● **Your goal**:
Repeat verbatim, and only, the lines of the data below, beginning at the line that contains "ब्रॉसौरा® गजेंद्र मोक्ष" and stopping after the line that contains "平和屋着物▽上質な小紋 単衣 草花文 正絹 逸品 未使用 AABN5142jh".

** Opening Records for this task block **

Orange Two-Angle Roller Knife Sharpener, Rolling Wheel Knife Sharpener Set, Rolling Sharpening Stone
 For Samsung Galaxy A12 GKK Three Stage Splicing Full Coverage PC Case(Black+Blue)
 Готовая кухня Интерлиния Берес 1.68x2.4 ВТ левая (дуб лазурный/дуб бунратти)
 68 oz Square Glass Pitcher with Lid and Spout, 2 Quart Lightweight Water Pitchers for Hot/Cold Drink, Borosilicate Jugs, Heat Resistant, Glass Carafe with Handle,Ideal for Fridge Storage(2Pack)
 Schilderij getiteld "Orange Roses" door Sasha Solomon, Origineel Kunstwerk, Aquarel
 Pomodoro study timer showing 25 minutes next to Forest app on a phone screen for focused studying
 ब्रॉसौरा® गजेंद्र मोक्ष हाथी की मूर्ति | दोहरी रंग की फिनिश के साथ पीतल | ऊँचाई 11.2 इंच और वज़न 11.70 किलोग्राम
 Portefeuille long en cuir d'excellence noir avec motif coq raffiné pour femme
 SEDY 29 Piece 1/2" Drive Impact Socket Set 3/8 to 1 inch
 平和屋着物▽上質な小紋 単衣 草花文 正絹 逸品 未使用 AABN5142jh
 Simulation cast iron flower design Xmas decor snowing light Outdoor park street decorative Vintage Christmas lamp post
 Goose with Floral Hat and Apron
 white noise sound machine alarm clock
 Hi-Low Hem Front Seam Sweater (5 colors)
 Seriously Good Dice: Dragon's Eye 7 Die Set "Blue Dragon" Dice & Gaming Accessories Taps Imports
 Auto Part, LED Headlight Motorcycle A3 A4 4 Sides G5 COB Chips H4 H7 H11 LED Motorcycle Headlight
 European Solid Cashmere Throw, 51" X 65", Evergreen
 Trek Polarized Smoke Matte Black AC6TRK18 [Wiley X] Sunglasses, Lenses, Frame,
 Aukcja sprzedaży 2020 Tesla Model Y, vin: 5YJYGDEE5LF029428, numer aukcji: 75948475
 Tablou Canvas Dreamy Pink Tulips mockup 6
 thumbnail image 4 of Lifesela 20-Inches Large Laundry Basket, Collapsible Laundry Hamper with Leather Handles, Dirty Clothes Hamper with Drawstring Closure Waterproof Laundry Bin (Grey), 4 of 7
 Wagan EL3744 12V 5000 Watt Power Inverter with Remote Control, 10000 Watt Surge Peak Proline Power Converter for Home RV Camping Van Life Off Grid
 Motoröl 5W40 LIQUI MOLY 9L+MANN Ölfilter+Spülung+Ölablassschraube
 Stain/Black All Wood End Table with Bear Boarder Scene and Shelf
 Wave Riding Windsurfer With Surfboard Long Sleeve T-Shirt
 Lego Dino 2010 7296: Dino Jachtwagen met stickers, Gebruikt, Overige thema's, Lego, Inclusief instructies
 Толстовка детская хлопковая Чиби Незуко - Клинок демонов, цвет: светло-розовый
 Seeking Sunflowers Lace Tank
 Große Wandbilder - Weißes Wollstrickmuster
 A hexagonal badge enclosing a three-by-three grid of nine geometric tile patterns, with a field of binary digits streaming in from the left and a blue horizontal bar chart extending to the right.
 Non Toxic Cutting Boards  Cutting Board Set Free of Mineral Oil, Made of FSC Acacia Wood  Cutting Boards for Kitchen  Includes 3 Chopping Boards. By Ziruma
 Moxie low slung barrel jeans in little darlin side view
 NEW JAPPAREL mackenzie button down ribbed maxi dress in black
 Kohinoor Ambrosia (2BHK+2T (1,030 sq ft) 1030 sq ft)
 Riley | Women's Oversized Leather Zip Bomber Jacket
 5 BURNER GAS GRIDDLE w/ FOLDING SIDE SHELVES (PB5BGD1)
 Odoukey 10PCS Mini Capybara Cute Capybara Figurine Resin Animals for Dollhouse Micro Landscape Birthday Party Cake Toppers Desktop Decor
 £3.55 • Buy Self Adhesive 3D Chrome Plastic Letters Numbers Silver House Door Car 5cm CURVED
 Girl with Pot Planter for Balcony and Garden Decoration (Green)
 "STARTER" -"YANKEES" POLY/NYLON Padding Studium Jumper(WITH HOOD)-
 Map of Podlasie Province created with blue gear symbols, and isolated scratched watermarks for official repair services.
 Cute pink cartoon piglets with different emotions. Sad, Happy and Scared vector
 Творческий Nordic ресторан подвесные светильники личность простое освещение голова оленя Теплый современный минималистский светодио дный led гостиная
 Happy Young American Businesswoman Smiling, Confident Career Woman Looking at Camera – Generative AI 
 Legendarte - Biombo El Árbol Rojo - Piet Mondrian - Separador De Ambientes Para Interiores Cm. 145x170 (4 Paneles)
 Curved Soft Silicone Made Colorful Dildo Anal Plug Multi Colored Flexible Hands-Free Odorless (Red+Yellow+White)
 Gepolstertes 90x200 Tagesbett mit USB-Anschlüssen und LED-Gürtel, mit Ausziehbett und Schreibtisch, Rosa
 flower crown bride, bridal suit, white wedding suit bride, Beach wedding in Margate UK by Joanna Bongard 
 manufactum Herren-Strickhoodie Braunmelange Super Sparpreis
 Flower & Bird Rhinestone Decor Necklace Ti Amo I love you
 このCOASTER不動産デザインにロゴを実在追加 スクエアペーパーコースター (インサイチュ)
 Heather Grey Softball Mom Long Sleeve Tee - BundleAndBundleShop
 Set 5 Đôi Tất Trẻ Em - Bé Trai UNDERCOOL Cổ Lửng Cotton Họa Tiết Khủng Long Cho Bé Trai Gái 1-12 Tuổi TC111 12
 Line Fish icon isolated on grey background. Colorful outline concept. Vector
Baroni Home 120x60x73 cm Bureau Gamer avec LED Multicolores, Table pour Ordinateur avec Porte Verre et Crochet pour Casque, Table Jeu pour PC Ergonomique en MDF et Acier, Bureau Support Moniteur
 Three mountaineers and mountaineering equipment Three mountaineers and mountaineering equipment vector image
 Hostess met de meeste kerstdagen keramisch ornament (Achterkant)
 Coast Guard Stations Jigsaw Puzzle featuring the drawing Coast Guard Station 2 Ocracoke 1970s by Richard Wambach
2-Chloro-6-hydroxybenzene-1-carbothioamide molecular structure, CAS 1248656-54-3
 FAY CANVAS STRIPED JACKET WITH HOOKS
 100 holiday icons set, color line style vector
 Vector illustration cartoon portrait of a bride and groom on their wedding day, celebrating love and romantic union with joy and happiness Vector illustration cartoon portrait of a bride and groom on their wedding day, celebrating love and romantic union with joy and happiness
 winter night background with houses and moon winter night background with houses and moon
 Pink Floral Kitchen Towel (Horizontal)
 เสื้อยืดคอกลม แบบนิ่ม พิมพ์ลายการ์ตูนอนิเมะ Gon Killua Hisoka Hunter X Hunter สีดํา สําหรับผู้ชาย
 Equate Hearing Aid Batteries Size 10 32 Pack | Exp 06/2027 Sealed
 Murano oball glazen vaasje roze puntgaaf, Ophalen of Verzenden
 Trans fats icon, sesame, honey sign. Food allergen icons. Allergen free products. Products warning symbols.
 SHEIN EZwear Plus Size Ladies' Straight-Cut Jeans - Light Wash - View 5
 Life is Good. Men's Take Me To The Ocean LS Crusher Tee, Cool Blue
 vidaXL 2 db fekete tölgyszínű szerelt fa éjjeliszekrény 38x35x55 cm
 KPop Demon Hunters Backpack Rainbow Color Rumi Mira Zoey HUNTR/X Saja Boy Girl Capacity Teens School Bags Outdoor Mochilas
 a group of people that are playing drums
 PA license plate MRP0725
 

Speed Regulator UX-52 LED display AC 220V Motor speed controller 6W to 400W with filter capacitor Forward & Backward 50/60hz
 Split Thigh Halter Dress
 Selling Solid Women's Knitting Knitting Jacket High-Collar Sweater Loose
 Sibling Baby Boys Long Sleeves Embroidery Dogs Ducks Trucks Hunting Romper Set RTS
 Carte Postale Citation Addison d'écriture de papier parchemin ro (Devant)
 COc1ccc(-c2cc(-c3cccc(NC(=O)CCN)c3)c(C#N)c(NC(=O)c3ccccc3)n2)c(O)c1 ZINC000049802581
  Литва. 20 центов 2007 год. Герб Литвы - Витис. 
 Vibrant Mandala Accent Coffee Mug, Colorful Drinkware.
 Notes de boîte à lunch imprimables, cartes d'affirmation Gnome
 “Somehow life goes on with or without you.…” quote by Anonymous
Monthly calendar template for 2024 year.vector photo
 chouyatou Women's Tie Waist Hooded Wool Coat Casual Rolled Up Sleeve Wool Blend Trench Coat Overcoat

** Closing Records for this task block **

● **Solution to the problem**:
 ब्रॉसौरा® गजेंद्र मोक्ष हाथी की मूर्ति | दोहरी रंग की फिनिश के साथ पीतल | ऊँचाई 11.2 इंच और वज़न 11.70 किलोग्राम
 Portefeuille long en cuir d'excellence noir avec motif coq raffiné pour femme
 SEDY 29 Piece 1/2" Drive Impact Socket Set 3/8 to 1 inch
 平和屋着物▽上質な小紋 単衣 草花文 正絹 逸品 未使用 AABN5142jh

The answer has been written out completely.